More surprising, though, is that these words were written one hundred years ago!

In his book, Cricket Old and New, a Straight Talk to Young Players, Archie (AC) MacLaren was writing in 1924 but his opinion that there was, ‘The necessity for a plain restatement of the fundamentals of cricket’, a view that would find much agreement a century on.

MacLaren would have found common cause with an earlier Titan of cricket – Nottinghamshire’s own Alfred Shaw, though in Shaw’s case his opprobrium was for the bowlers of the Edwardian era.

“Bowlers today pitch a bad length,” he says in his Reminiscences, told in 1902 to A W Pullin, who wrote as ‘Old Ebor’.  “Too many simply bang the ball down about midway,” he adds. A short length ball is seldom of any use…

“The first and chief care of a bowler…is to make the batsman play to the pitch of the ball.  I used to say ‘I shall either hit the bat or the wicket…’

“…bowlers are most at fault in that they do not compel batsmen to play the ball whether they like to do so or not…”

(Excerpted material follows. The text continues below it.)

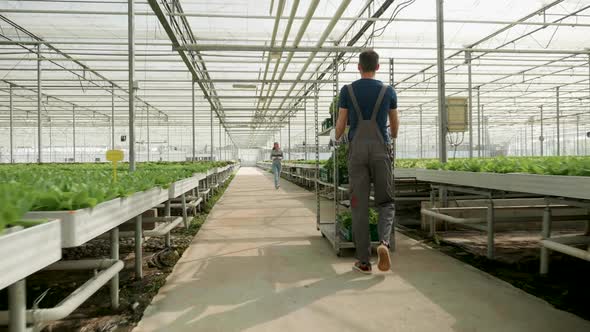 Farmer in a Greenhouse with Modern Technology for Growing Vegetables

He clearly did not approve of bowling for catches – what would he have made of Broad’s 8-15, every one of them caught out?

If Shaw was scornful of ‘off theory’ – heaven knows what he would have said about ‘leg theory.’

He also complained that the new-fangled idea of white sightscreens made life ‘too easy’ for the batters!

A contemporary of Shaw and MacLaren was the splendidly-named William Justice Ford, who played for Middlesex and Cambridge University,  whose book, A Cricketer on Cricket, was published in 1900.  In it he endeavours to predict what cricket might look like 100 years on.

Ford predicts, “a gigantic series of stands…accommodating some 30,000 people”, and “a wireless telegraph which connects direct with all the chief cricket grounds”.

He also foresees, “big scoring boards…the names of the players, the hits and scores of the batsmen, together with the bowling analysis up to the latest moment.”

Some of his ideas have not been fulfilled – such as non-turf pitches unaffected by sun or rain and bats made not from willow but of aluminium (Dennis Lillee was evidently not the first!) and a ‘retirement’ system that requires batters to retire on scoring thirty.

He suggests a darker strip designed to help umpires in determining lbw – shades of DRS – and, as consequence of lower scores, the disappearance of the ‘follow-on.’

Perhaps his most contentious suggestion is that ‘throwing’ is now allowed in 2000 cricket but then there is a ‘handicap all bowlers making them bowl or throw not less than six yards from the wicket. If they bowl short of that, it’s a no-ball.’

All of these books are available from the Wynne-Thomas Library which will be open on match days throughout the summer.